Don’t get me wrong, this same group of people had their fair share of issues and found a number of small and large details to debate. Individuals and groups were in “sharp dispute” more times than one, not far from where our communities, our neighborhoods, our nation finds itself today. And like our communities today, they found points of tension and division. Sound familiar?
I could think of quite a few things that are dividing our nation today. And 10 years ago we could have come up with a list of different things. And in 10 years we will, unfortunately, be able to do the same.
But despite their disagreements the early church created a powerful sense of unity among the people. But, how? Here are just a few notable things that we can learn from our early church brothers and sisters and how they approached conflict, division, and disagreement:
- They listened
They listened to people who had “done their research.” In Acts 15, Barnabas and Paul took their conflict to someone else. Someone much wiser than them, and someone who knew his stuff: James. And along with James, a whole council of people. An unbiased council. Do you have that person? Those people? It’s important that we find that someone who will not just validate our opinions but challenge our beliefs. It’s important so that we can grow, learn, empathize and act.
It’s one thing to have these people in our lives, but it’s another thing to actively listen to them. Proverbs, a book filled with wise teachings for daily life, says, “The way of a fool is right in his own eyes, but a wise man listens to advice.” Perhaps differing viewpoints in our lives could be used for us to listen to, consider, and even consider change in our own behavior. Unity can only thrive where communities are willing to listen, and people are willing to be wrong.
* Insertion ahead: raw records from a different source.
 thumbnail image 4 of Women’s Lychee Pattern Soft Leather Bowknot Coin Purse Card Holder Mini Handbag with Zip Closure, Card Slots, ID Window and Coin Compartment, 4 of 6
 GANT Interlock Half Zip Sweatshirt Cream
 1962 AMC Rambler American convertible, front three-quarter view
2. They met and toiled over coming to a conclusion
The church also made an effort to come together and find a common ground. Simple as that. They could have just called it quits right then and there. But they made the decision and took the time to seek a resolution. It takes resolve, vulnerability, patience and often wears on our health in every sense of the word. But, it’s worth it. How can we make that same effort? If we are afraid to confront disagreements, or we’re too exhausted to strive to understand others with differing viewpoints, we can’t reach true unity. Steps to a harmonious community take effort, but it’s worth the priceless result of true fellowship.
3. They parted company
There came a time when it was okay to say “that’s all for now.” Key words: for now. What can we learn from this? I think it’s important to note that after disagreement we shouldn’t cancel each other in perpetuity, but just say “Okay, we’ve covered a lot of ground on this topic. Let’s come back tomorrow.”
I’m currently reading a book that covers the topic of listening. The Author, Kate Murphy, states that “Research shows there is an inverse relationship between amygdala activity and activity in areas of the brain involved in careful listening.” The amygdala is the area of our brain that lights up when we perceive a threat. In short, when we are angry or frustrated with our adversaries, our amygdala is lit up, and the part of our brain that is meant for listening is “out of order.” Sometimes, we need to take a break, because if not, we are risking sacrificing our relationships over a difference of opinion. Sometimes we need to take a breather.
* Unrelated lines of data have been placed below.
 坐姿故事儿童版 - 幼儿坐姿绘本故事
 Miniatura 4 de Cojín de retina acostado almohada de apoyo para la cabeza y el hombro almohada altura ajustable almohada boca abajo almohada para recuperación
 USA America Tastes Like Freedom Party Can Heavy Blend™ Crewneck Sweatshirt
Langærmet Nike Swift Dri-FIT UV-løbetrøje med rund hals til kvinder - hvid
4. They treated each other as they would treat themselves
We give ourselves the benefit of the doubt more than we give others. It’s our human nature. That’s why when other people on the road give us the middle finger or honk 2 seconds too long, it was “for no good reason.” But when someone cuts us off, or the car in front of us is delayed after the light turns green, we feel anger and frustration inside. It’s against our nature to give others the benefit of the doubt as we do to ourselves, but it’s in the best interest of our community to refrain from jumping to conclusions and chose unity.
We’ve been made for unity. Perfect unity came in the Father, Son, and Holy Spirit before earth even came to be. I think we have an innate desire for community and interdependence despite a world that is valuing individualism more and more. I think we desire what the early church had. We desire what our grandparents, in some ways, had. To know that if we need an egg or a cup of sugar we can count on our neighbor to the left, and to the right. It feels good to be supported, loved, and cared for by a group of people, and it feels just as good to have a community of people to support, love, and care for.
Unfortunately, deep down, I’m not always willing to do what it takes to experience true unity. Sometimes I want to be right, or sometimes I want to be first. Can I take the time to empathize and can I, in meekness, “change my mind.” Can I humble myself to listen, learn, and take on inconveniences that provide a better life for my community? Can I muster up the courage and energy to address a disagreement with someone and reach a conclusion? Could we possibly live like we have everything in common?